--- Try it ---
Print only the lines below from the one with "DiabetPrim 120cps - HERBAGETICA" to the one with "BODE-EN067 - Supernatural", both included, exactly as they stand. Leave pictures out.

--- Recorded information ---
============================================================
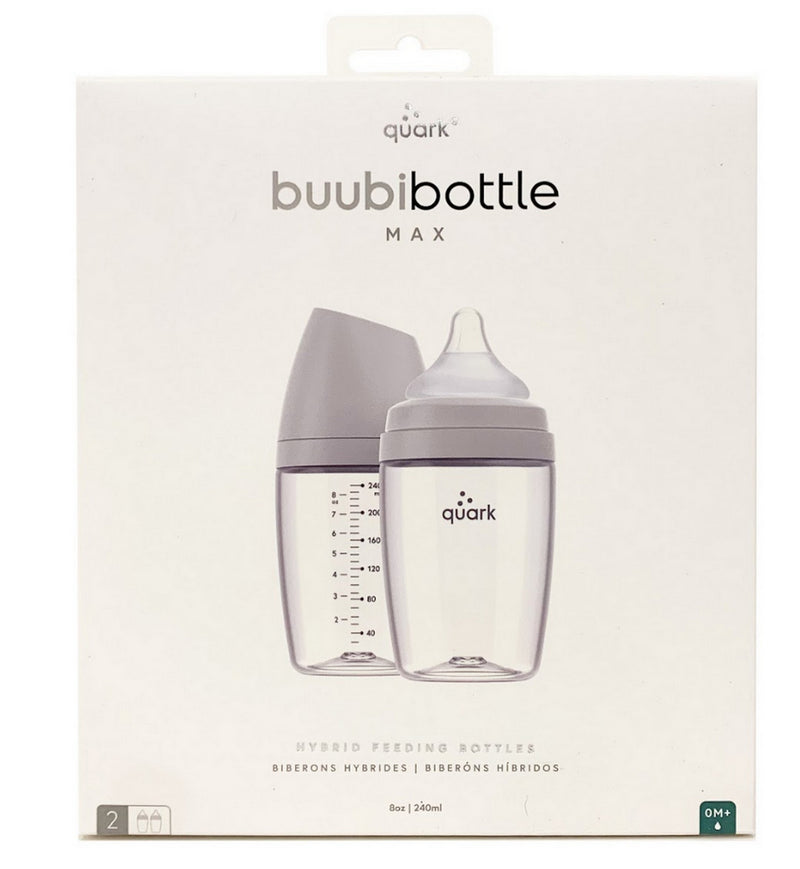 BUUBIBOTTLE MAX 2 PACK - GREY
============================================================
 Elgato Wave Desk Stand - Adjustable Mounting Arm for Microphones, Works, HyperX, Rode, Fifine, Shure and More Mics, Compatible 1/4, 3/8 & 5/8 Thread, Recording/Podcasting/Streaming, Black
============================================================
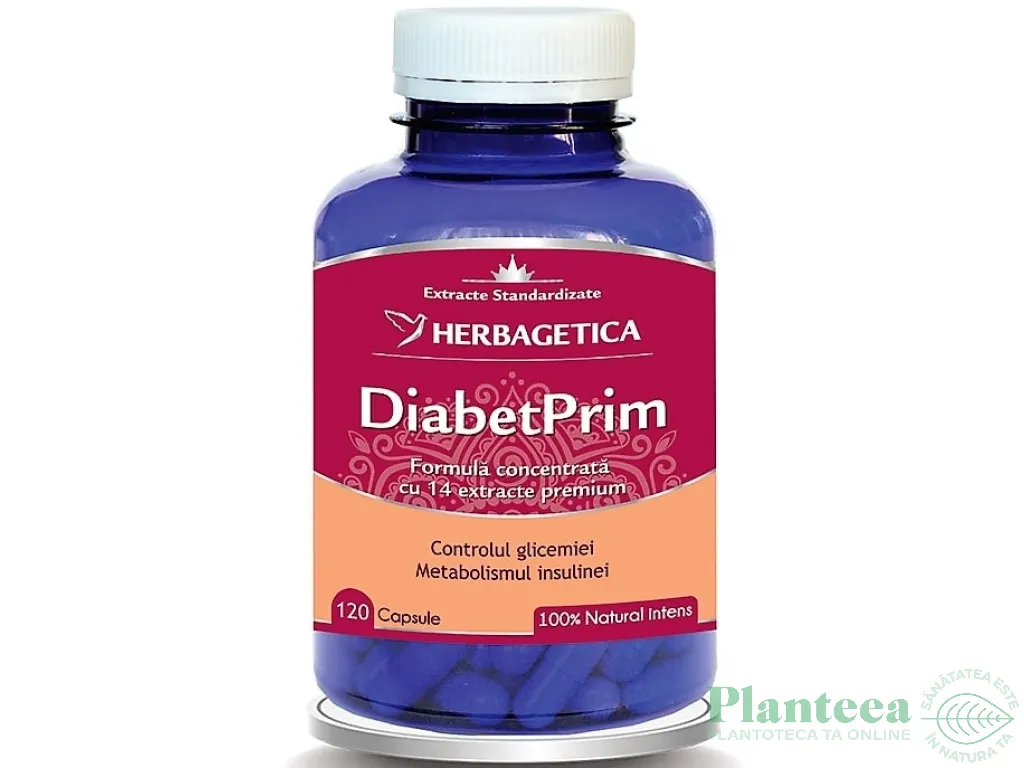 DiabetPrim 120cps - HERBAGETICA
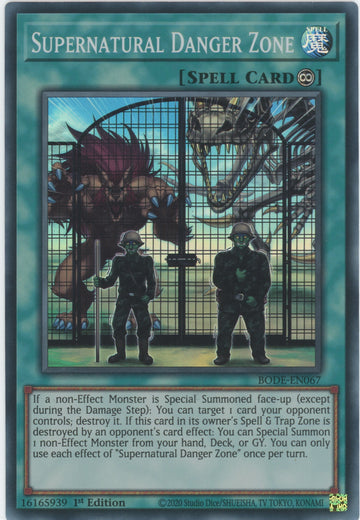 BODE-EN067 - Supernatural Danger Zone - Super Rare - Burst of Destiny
============================================================
--- Reply ---
 DiabetPrim 120cps - HERBAGETICA
 BODE-EN067 - Supernatural Danger Zone - Super Rare - Burst of Destiny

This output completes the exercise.